Tüm bunlara, kendi içersinde değişik tavırlar geliştirmekle birlikte, kendilerini legalize etmiş sol örgütlenmelerin, bu "olanaklardan" yararlanmak yönündeki faaliyetlerinde meydana gelecek artışları da eklemek gerekmektedir. Özellikle ülkedeki genel seçim barajlarının yüksekliği ve bunların aşılamazlığı karşısında, sürekli olarak kendilerini "seçimleri boykot" ile "bağımsız adaylar çıkarma" arasında sıkıştıran pasifist ve oportünistlerin eylemlilikleri, gelecek aylar içersinde yurtdışındaki "sol" faaliyetlerin eksenine oturacağı da görülmektedir.
İşte bu ortam içersinde, yurtdışındaki faşistlerin ilerici, demokrat, yurtsever ve devrimci kesimlere yönelik saldırıları artırmaları gündemdedir. Kitlelerden uzun zaman önce kopmuş, kitlenin güvenini yitirmiş bir sol hareketin, bu saldırılar karşısında etkili bir karşı duruş geliştirebilmesi de oldukça zor görünmektedir. Ancak, tüm bunların içersinde belirleyici olanın, devrimci örgütlerin kitlelerle olan ilişkisi olduğu ortadadır. Bu ilişkiler ise, belki de yarın faşist saldırıların hedefi olacak eski sol unsurların yozlaşması ile yitirildiği bir gerçektir.

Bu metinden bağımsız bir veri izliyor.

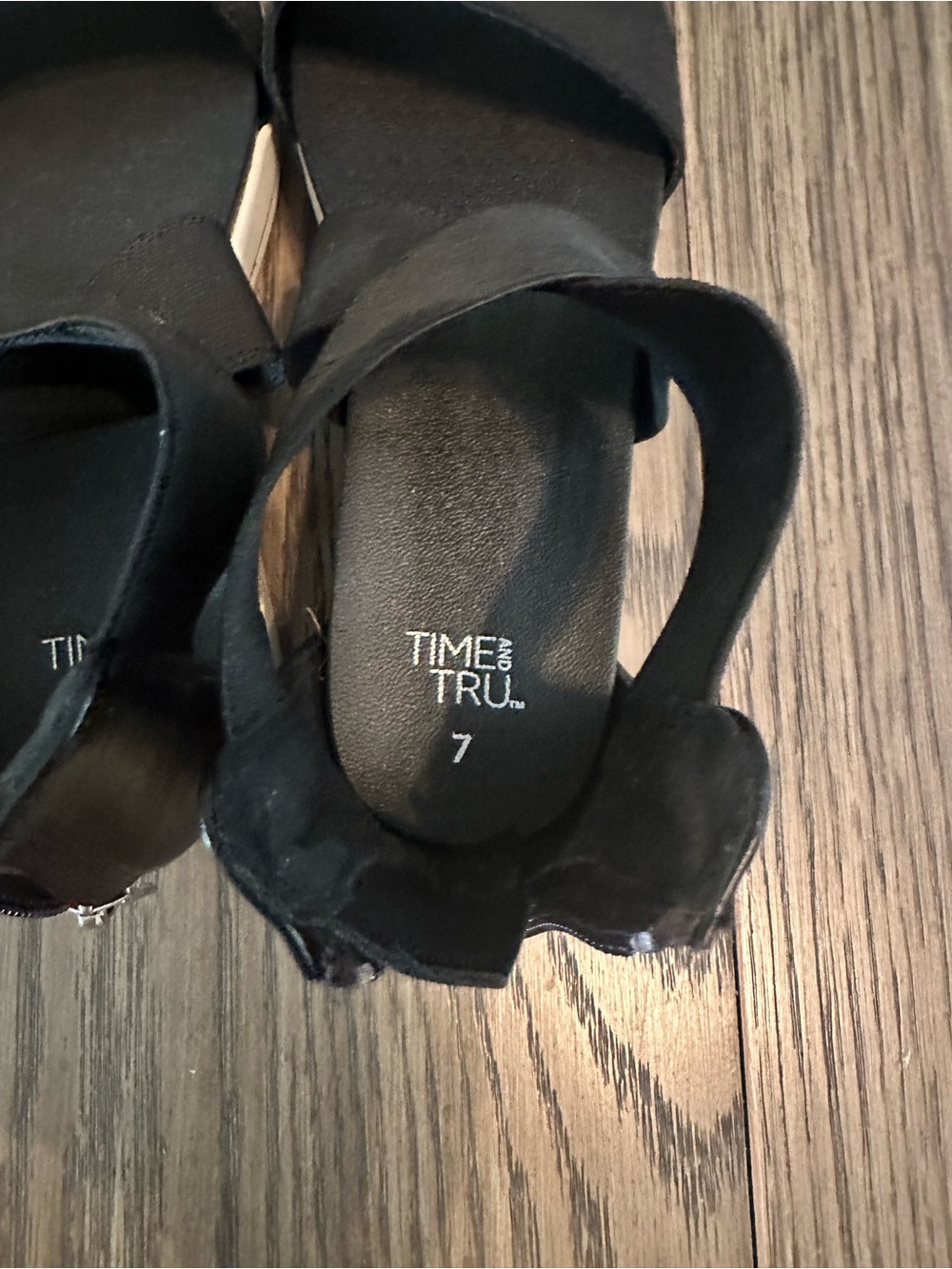 Time and Tru Black Crisscross Elastic Zip Back Sandals - Picture 4 of 4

Bu nedenle, devrimci örgütlerin, özellikle bu yozlaşmış bireylerin tecritinde etkin olmaları, gelecekteki kitle ilişkileri açısından belirleyicidir. Bu bireyler, bir yandan kendilerini "Alevicilik" ile, diğer yandan pasifist ve oportünist çevrelerle birlikte tanımlamaktadırlar. Bu durum, kaçınılmaz olarak, sadece devrimci örgütlerin iradi eylemlilikleriyle gerçekleşebilir nitelikte değildir. Ancak, devrimci örgütlerin, bu tür bireyselleşmiş bireylerin tecritine yöneldikleri oranda, kitlelerden destek alacakları unutulmamalıdır. Bunlar yapılmaksızın, salt faşist saldırıları çıkış noktası alan ve bunlara karşı "birleşik" anti-faşist hareket oluşturmayı amaçlayan girişimlerin birkaç protesto eyleminden öteye gidemeyecekleri unutulmamalıdır. Bir bakıma, Türkiye solu, yurtdışında da kendi geçmişiyle hesaplaşmak durumundadır.